He says the trespassing accusation shows a lack of "credibility, veracity and honor" on the part of the pipeline company.
State Police spokesman David Procopio said in an email that the Berkshire District Attorney's Office had explained its reasoning for its agreement with Renner.
"We understand and respect that various factors are taken under consideration by prosecutors in adjudicating cases like these," he wrote, noting that the six-month continuance without a finding "is not an uncommon disposition."
Despite his own client's experience, Zlatnik said everything had been mostly handled well by all parties and "presents a model of positive civil disobedience for the rest of the country to follow."
"You had half a year's worth of significant protest actions in a tiny little town," he said. "Police acted in a reserved way, and the DA's office exerted discretion. Everyone was acquitted, no one was injured, and there was no significant property damage. It was a model demonstration."

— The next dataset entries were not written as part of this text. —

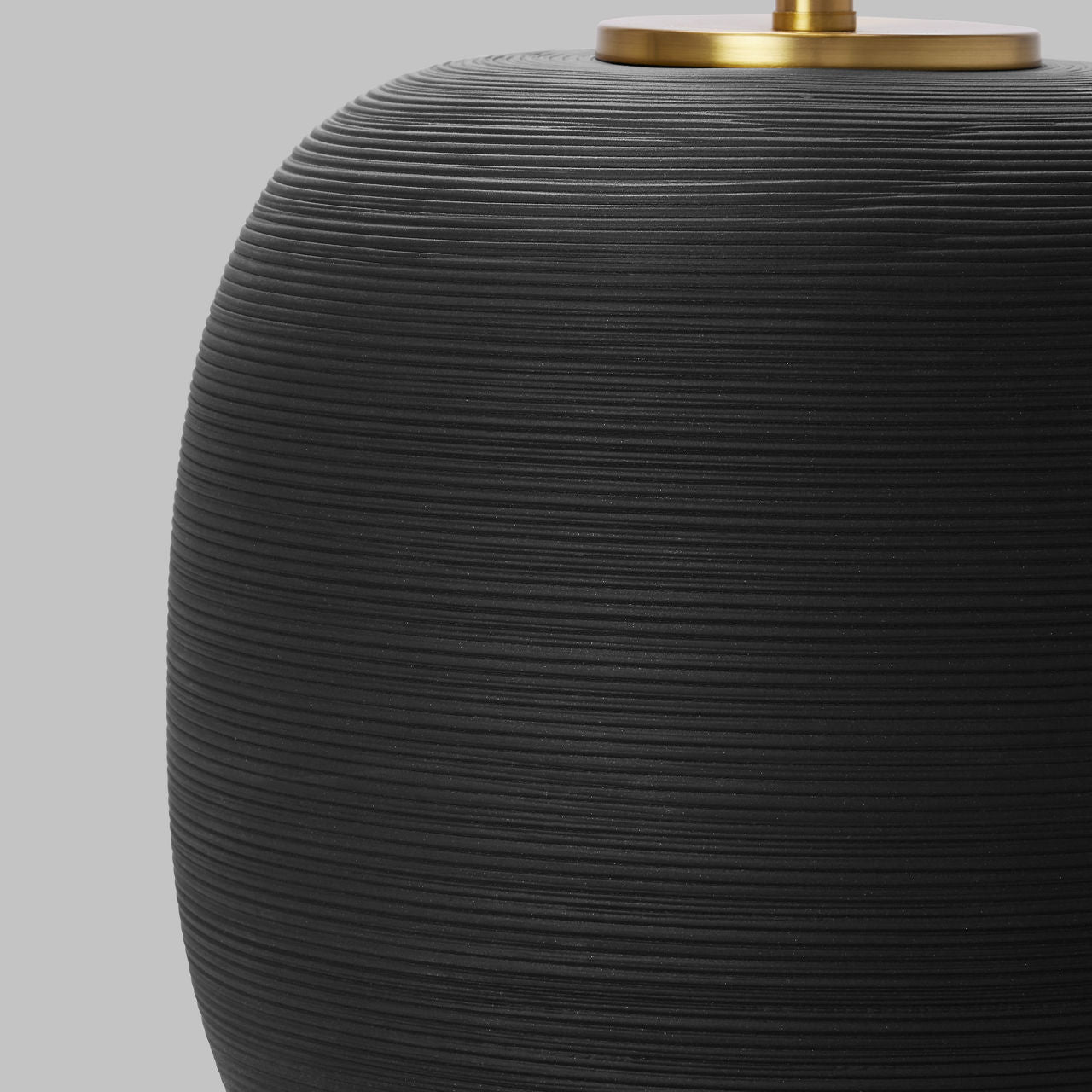 Fanny Wide Table Lamp Rough Black Ceramic Bulbs Inc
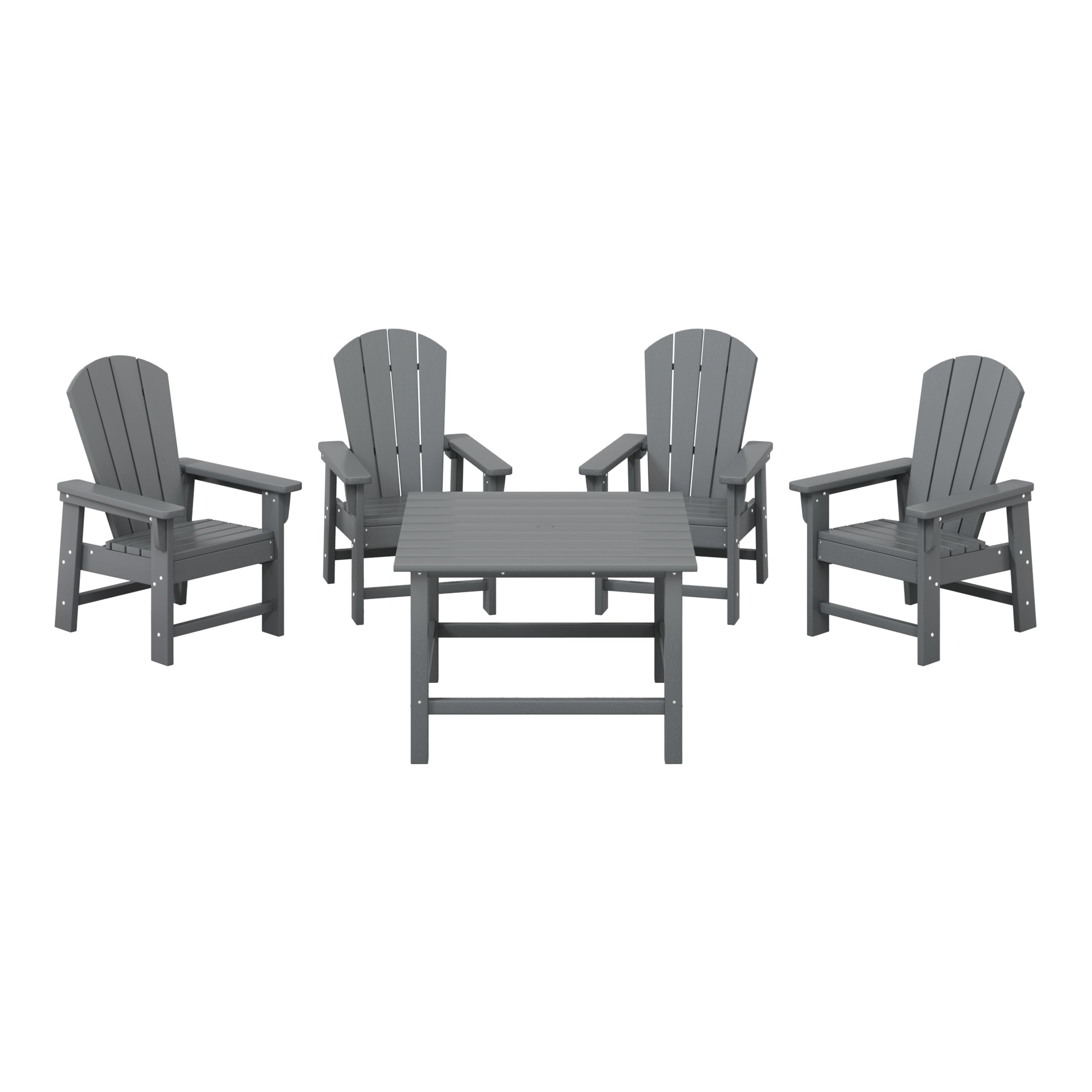 Paradise Kids 5-Piece HDPE Outdoor Square Patio Dining Table and Chairs Set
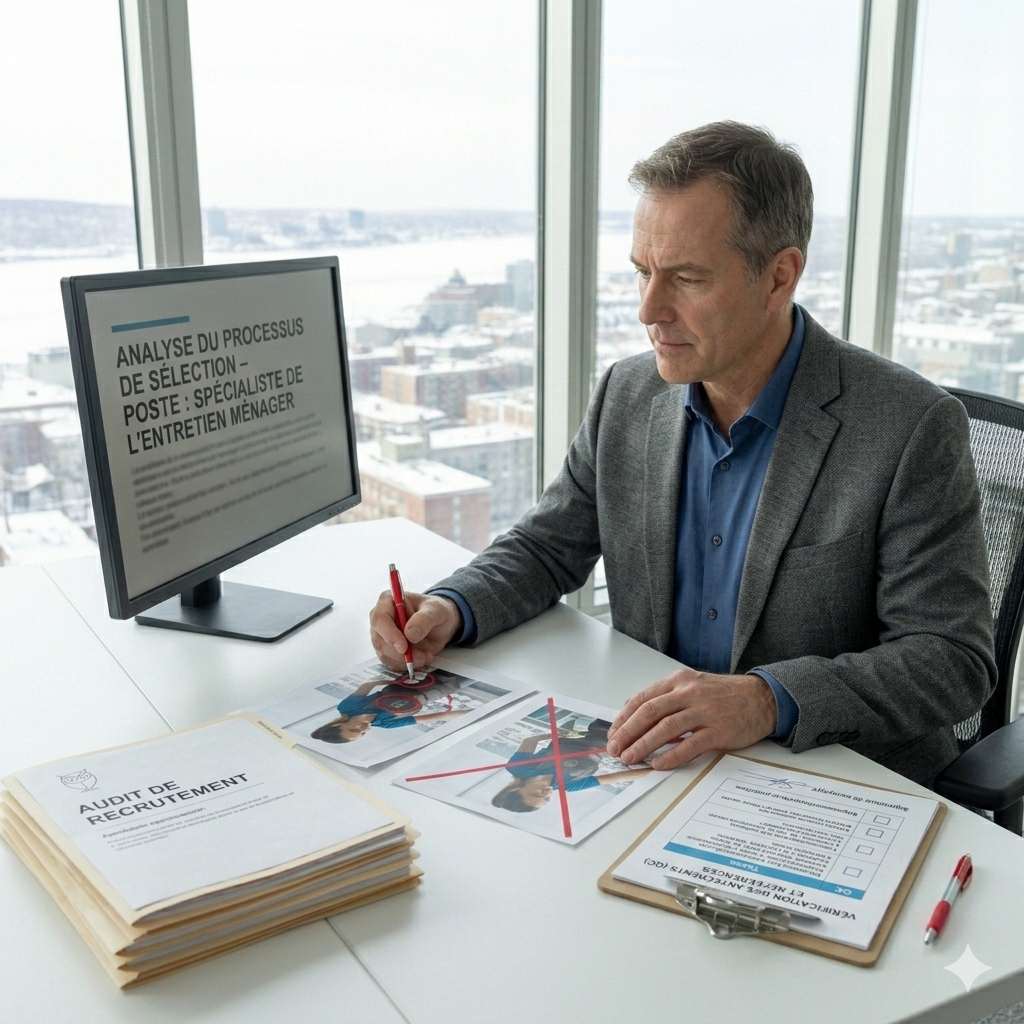 Analyse rigoureuse d'un dossier de candidature pour un poste d'entretien ménager à Québec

It didn't stop the pipeline, as some had hoped. But Zlatnik said he is not so sure it didn't have an impact.
"It changes the actuarial value of further pipelines," he said, noting all the money Tennessee Gas had to pay the state, attorneys and state police. "It could create a long-term financial disincentive."
And Renner, a landscaper who also teaches permaculture and grows his own food, says that just living a life of consciousness and conservation might be just as effective as lying in the road to stop a pipeline truck.
"Just doing all that is going to raise people's awareness," he said.